* **Data section**
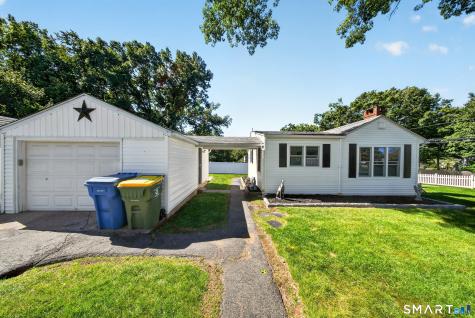 63 Pritchard Road Waterbury CT 06705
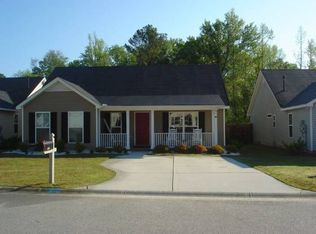 439 Millwater Ct, Grovetown, GA 30813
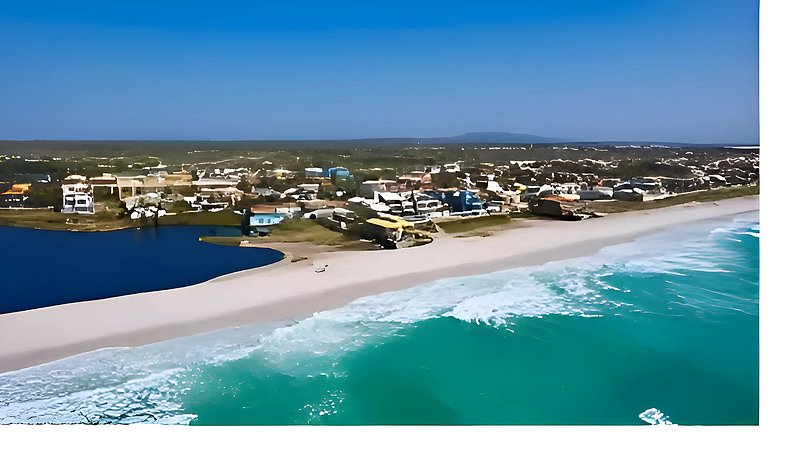 Praia do Foguete - Suíte 03 - Cabo Frio - Aluguel Econômico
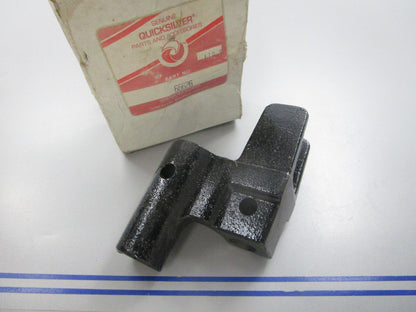 NEW OEM 66626 Mercury Quicksilver Steering Actuator Adaptor End 0810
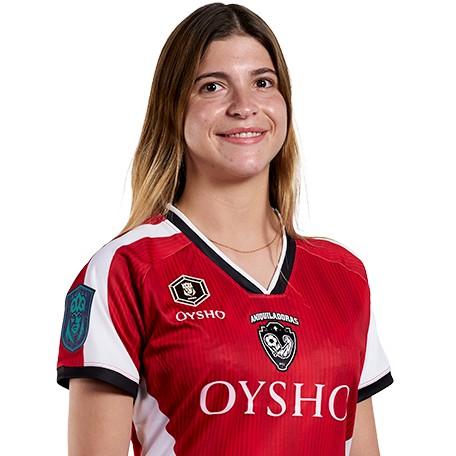 Julia Prat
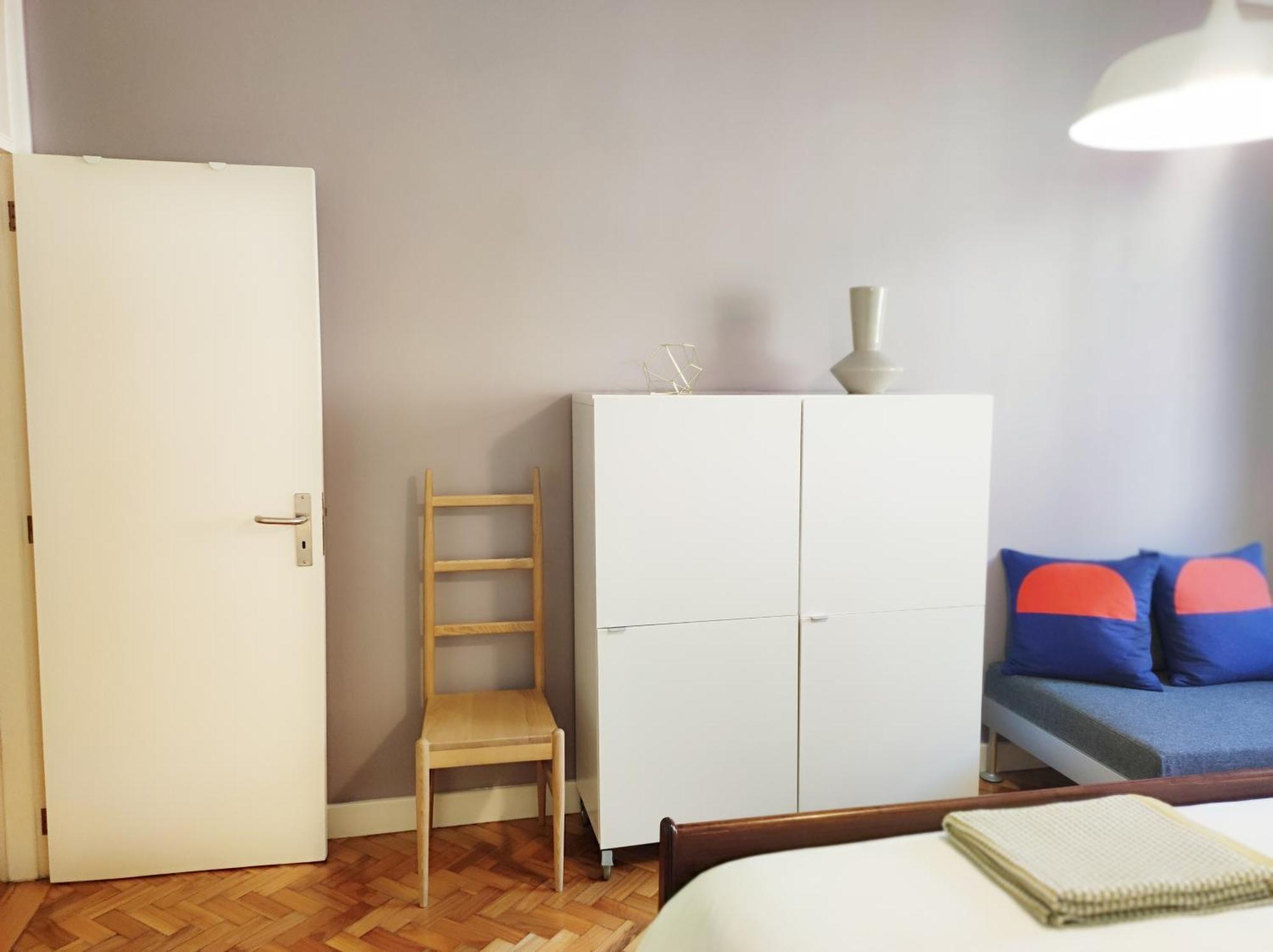 E36 - Ideal For Families - Large Areas Porto Exteriér fotografie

* **Required action**
The whole listing should be restated word for word, with no pictures.

* **Result**
 63 Pritchard Road Waterbury CT 06705
 439 Millwater Ct, Grovetown, GA 30813
 Praia do Foguete - Suíte 03 - Cabo Frio - Aluguel Econômico
 NEW OEM 66626 Mercury Quicksilver Steering Actuator Adaptor End 0810
 Julia Prat
 E36 - Ideal For Families - Large Areas Porto Exteriér fotografie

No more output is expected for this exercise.